* [Task description]: In the data below, set down exactly the lines from the one containing "Flexarm Steckdosenleuchte LED" up to and including the one containing "Horror Movie Earrings". Leave the pictures out.

* [Data]:
----------
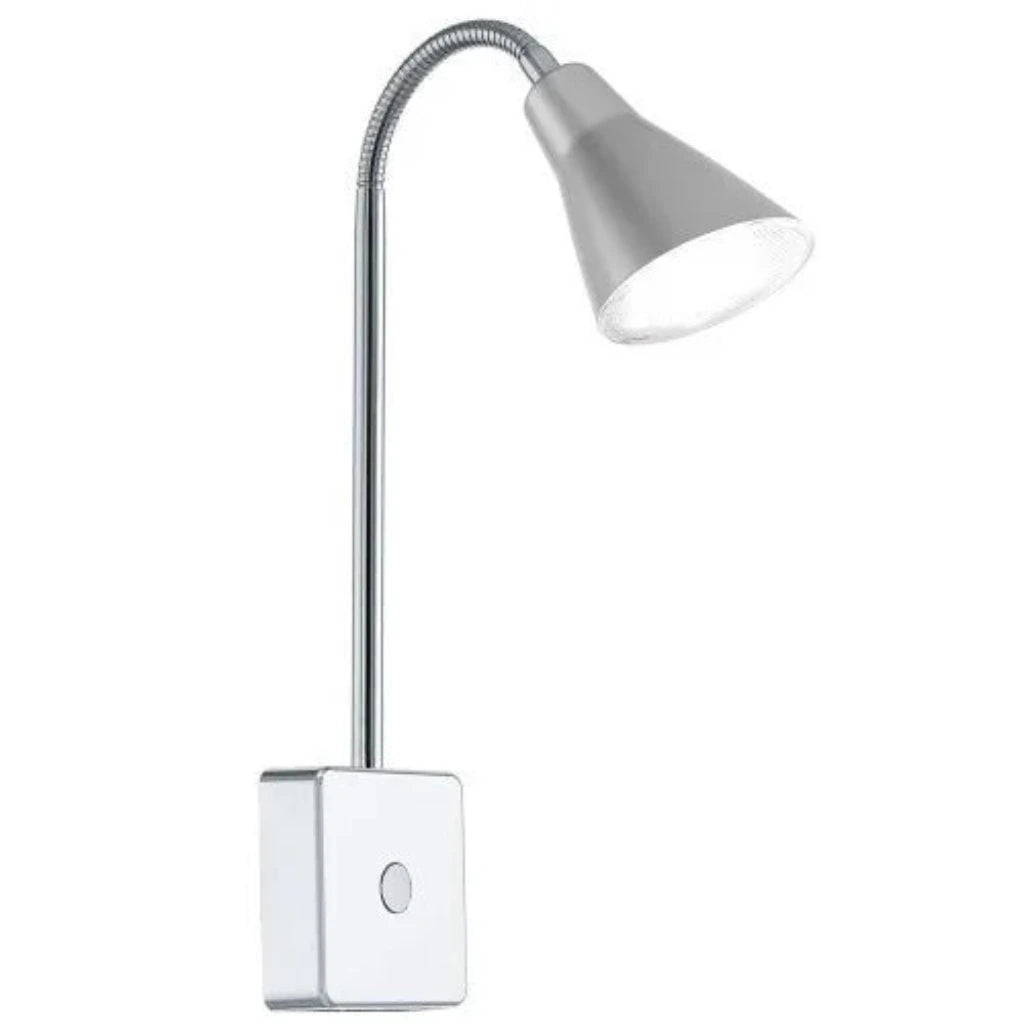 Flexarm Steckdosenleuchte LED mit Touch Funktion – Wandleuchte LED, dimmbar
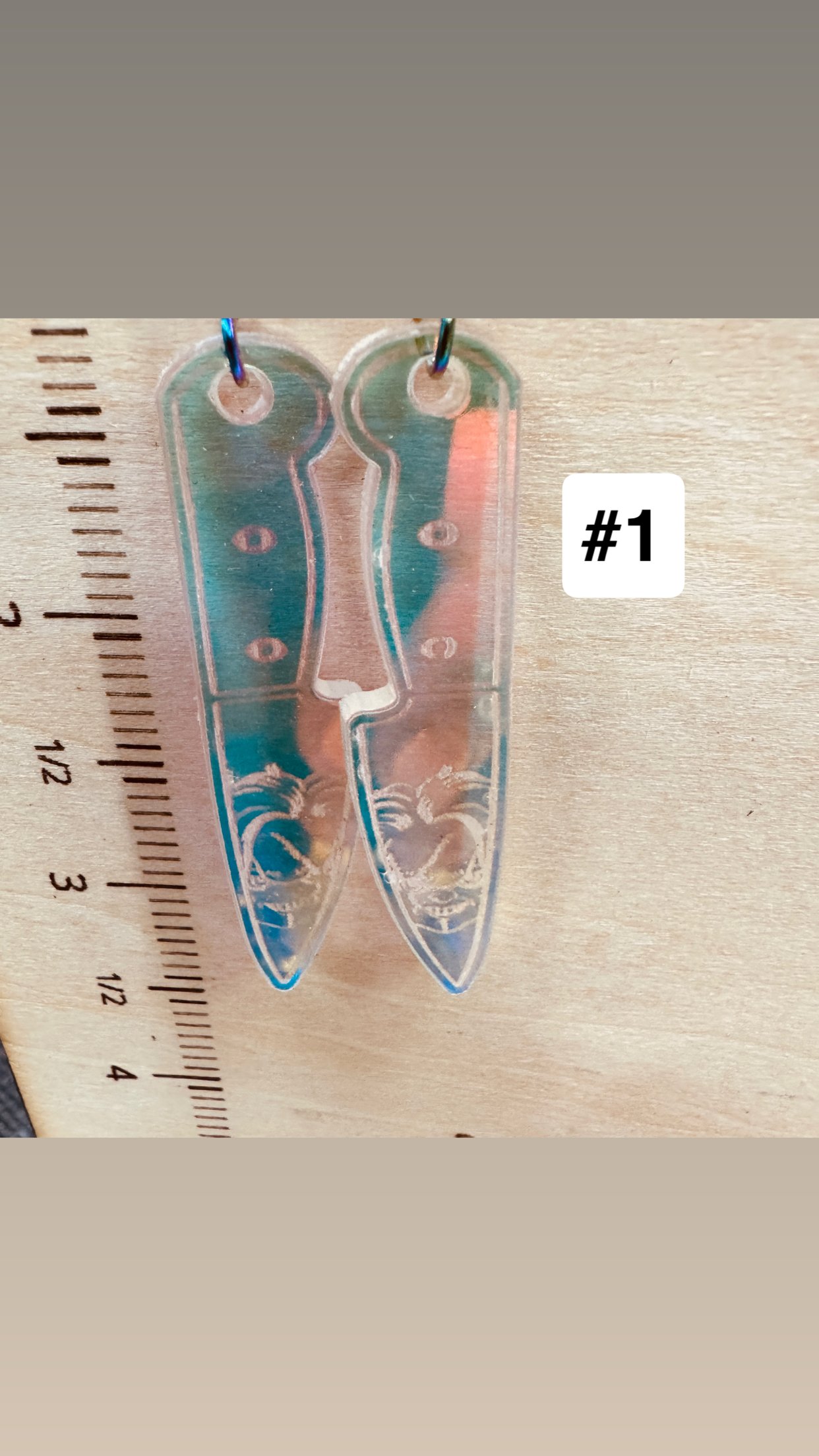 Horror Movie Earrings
----------
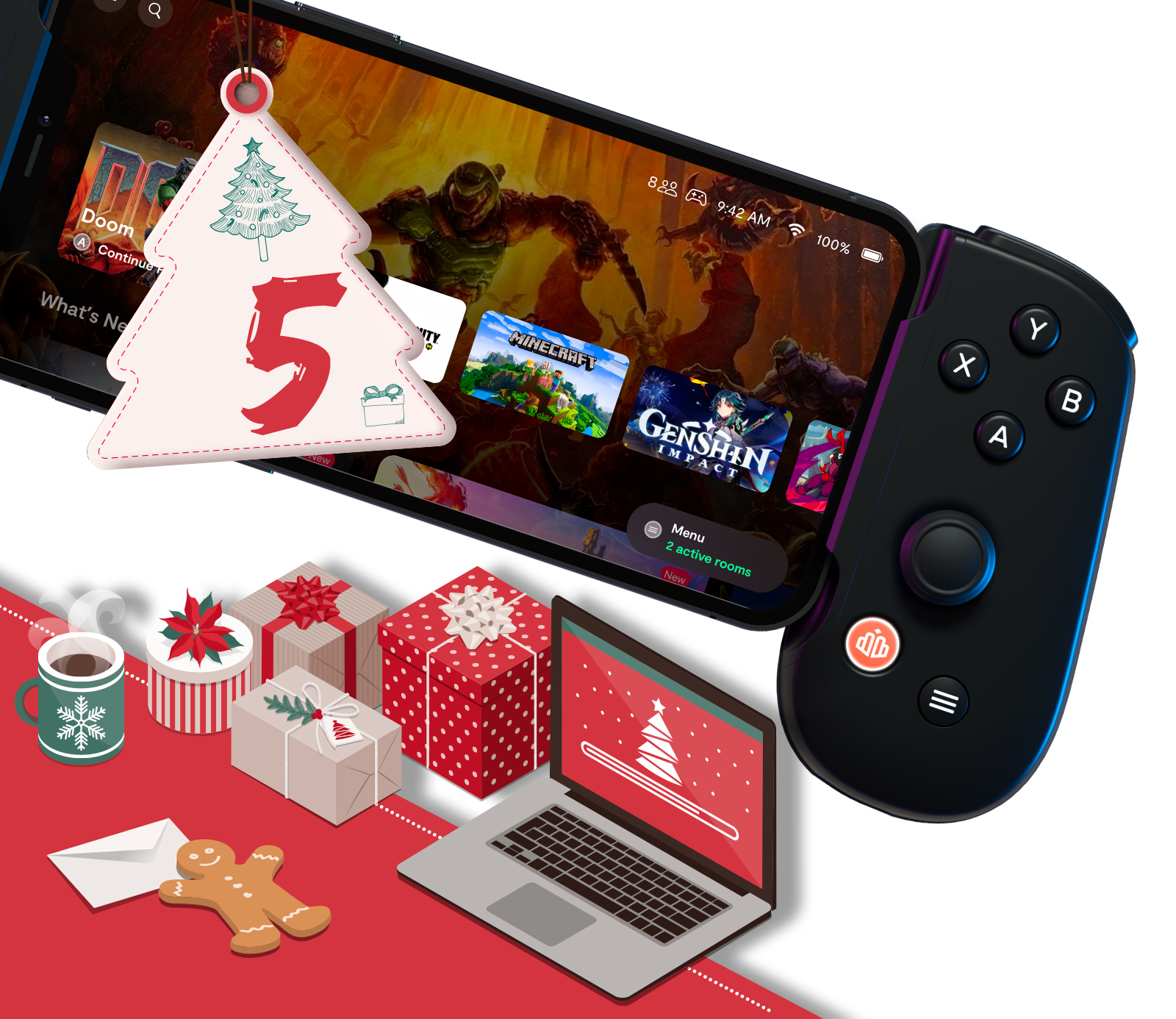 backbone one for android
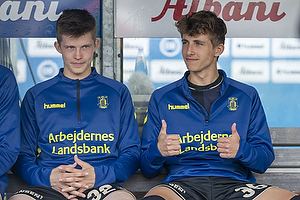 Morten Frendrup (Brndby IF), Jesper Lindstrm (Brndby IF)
----------
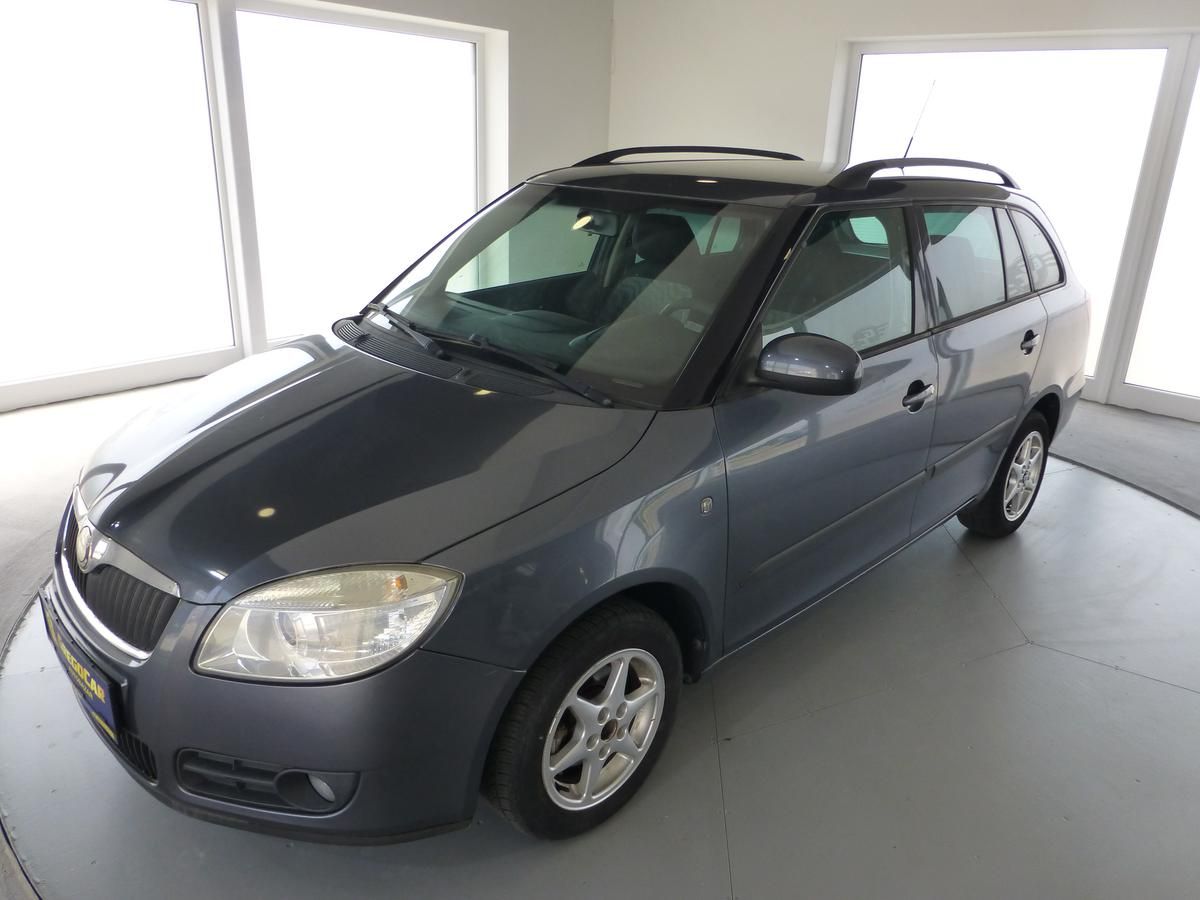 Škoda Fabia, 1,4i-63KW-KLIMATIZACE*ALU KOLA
----------
* [Completed task]:
 Flexarm Steckdosenleuchte LED mit Touch Funktion – Wandleuchte LED, dimmbar
 Horror Movie Earrings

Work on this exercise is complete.